With their usual supply contaminated, drinking water had to be shipped to the Caribbean island. But a landslide caused by heavy rains blocked the only road into the area. There was no dock, so large boats couldn’t access the area, and the smaller fishing boats weren’t seaworthy in stormy weather.
The drinking water eventually recovered from the August 2015 storm, but it remains vulnerable. For a group of Clemson students, it’s among the first challenges in a new global engagement program, Engage Dominica.
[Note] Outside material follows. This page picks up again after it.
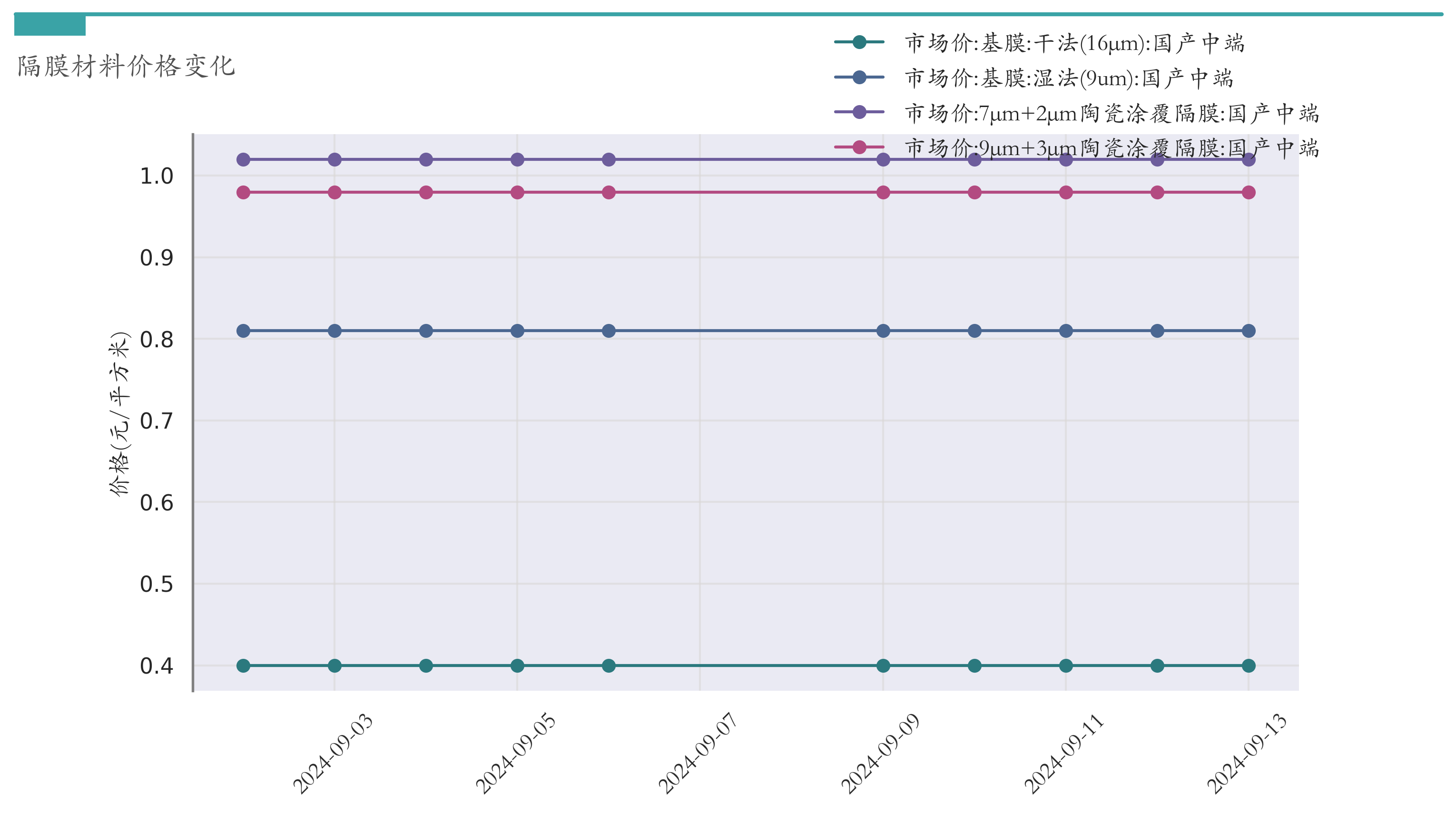 隔膜材料价格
Eight of the program’s 20 students went to the island nation over spring break to begin gathering information on 10 separate projects, including upgrades to the water treatment system.
They returned to Clemson with reams of data and are compiling a presentation they will use to start building support with the Dominican government, the Cardinal Felix Foundation and other groups that might want to collaborate.
Jared Delk, a sophomore civil engineering student, said he liked having the chance to create a project from scratch, helping design it, build it and make final adjustments at the end. “Just knowing all that, it was one of the best trips I’ve taken,” he said. “It was amazing to know that the ideas that are coming from me could help people.”
Morgan Corp. officials donated a LiDAR scanner and then posed for photos with students, who used it during their trip to Dominica.

Morgan Corp. officials donated a LiDAR scanner and then posed for photos with students, who used it during their trip to Dominica.


Jennifer Ogle, an associate professor of civil engineering, leads Engage Dominica. “These students are working hard to build their own organization and their own agenda and relationships in Dominica,” she said. “This program helps position them to have a global impact now and after they graduate.” The projects the Clemson students are pursuing include a cap for the cistern and designs for a pier to support emergency evacuation, fishing and tourism. They also have plans for a basketball court that will direct rainwater around a low-lying primary school while giving the students a place to play.
Engage Dominica already has corporate support, which is seen as a key to success. Morgan Corp., a heavy civil contractor whose corporate office is located in Duncan, recently donated a LiDAR scanner to the program. Students used the scanner to collect images and point clouds of the proposed project sites in Dominica. Using this data, students can measure distances between any two points with a degree of accuracy within a few millimeters as well as create 3D models.